- Problem
Given the records underneath, please repeat exactly the lines from the line with "ai character: Лук background" through the line with "Stussy Wavy Stripe Shirt", passing over any picture.

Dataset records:
╭──
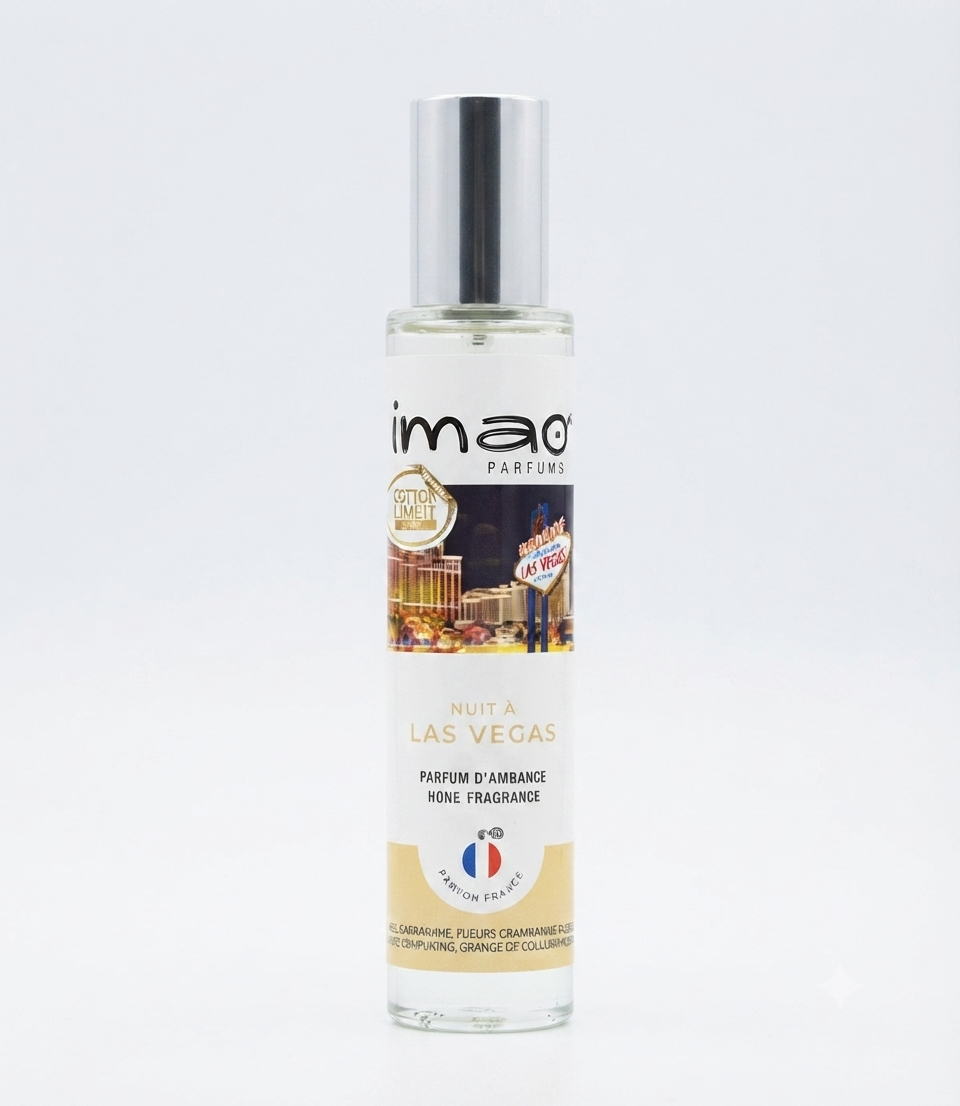 Imao Las Vegas miris za auto 30ml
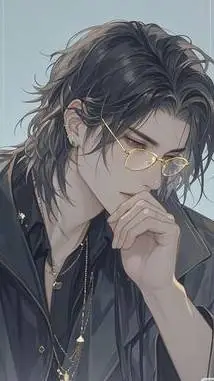 ai character: Лук background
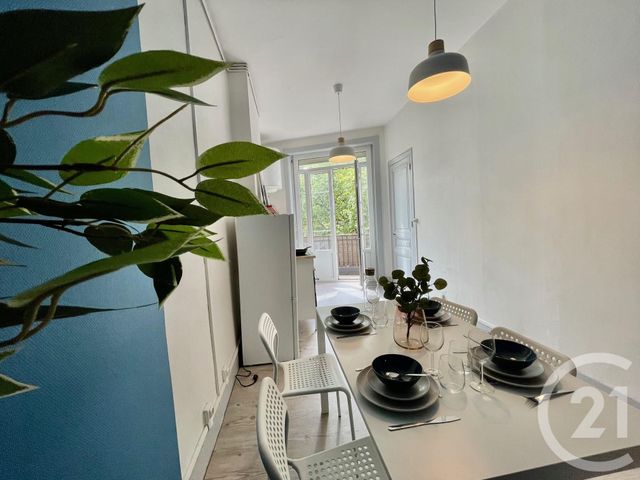 Appartement T2 &agrave; louer - 2 pi&egrave;ces - 39,24 m2 - St Etienne - 42 - RHONE-ALPES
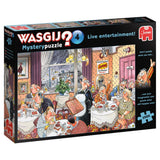 PUSLESPIL Wasgij Mystery 4 1000 brikker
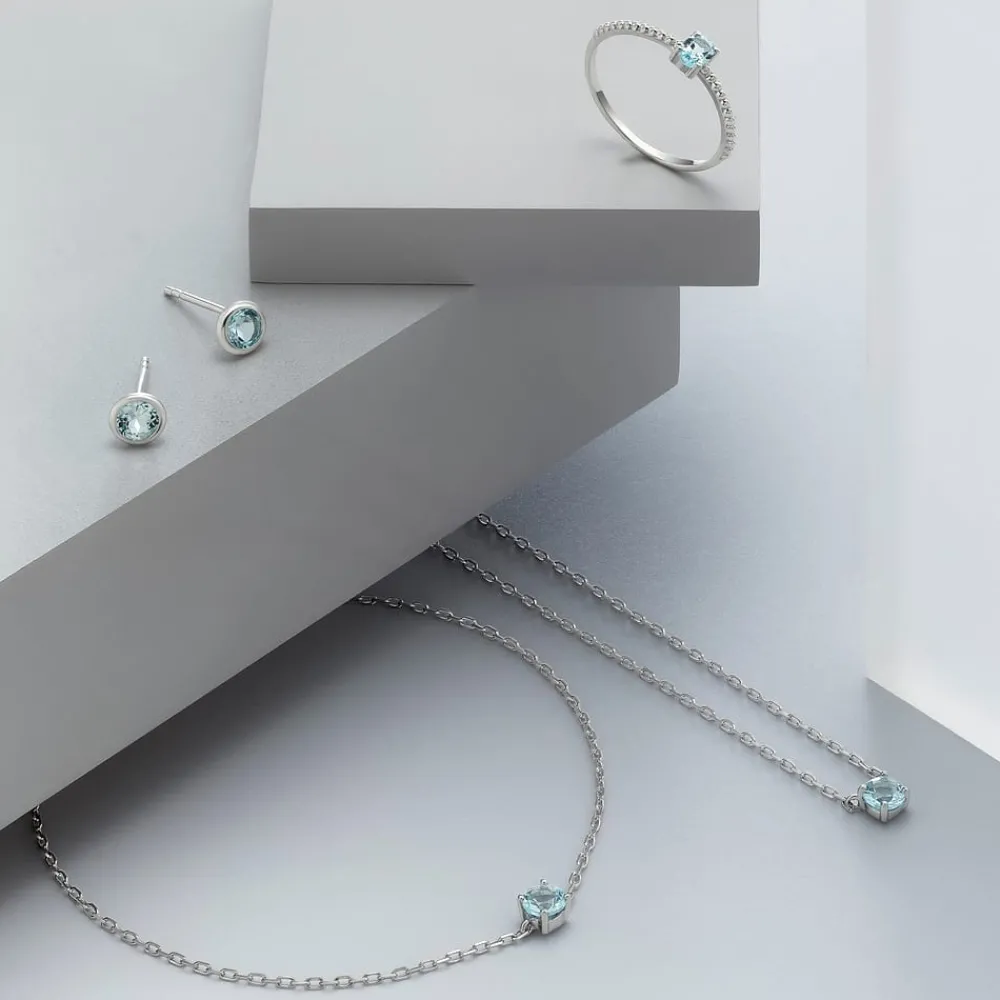Gioielli Con Pietre Preziose|Gioielli Donna<Bluespirit COLLANA MAGIA - P.774B10000600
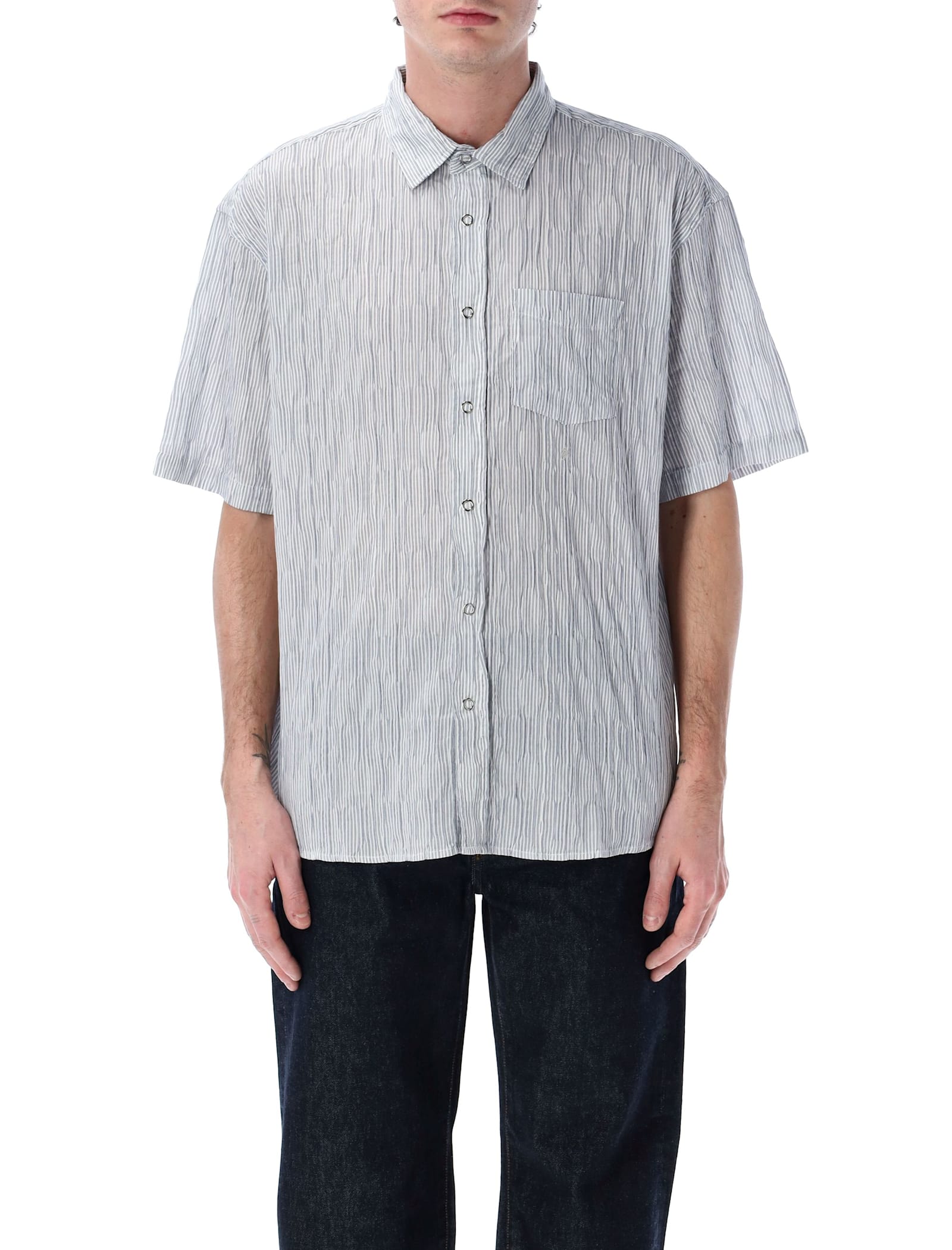 Stussy Wavy Stripe Shirt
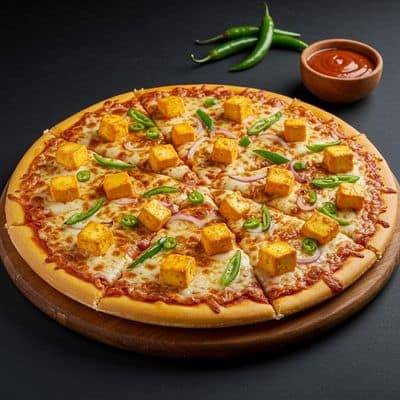 Large Paneer Pizza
╰──
- Response to this exercise
 ai character: Лук background
 Appartement T2 &agrave; louer - 2 pi&egrave;ces - 39,24 m2 - St Etienne - 42 - RHONE-ALPES
 PUSLESPIL Wasgij Mystery 4 1000 brikker
Gioielli Con Pietre Preziose|Gioielli Donna<Bluespirit COLLANA MAGIA - P.774B10000600
 Stussy Wavy Stripe Shirt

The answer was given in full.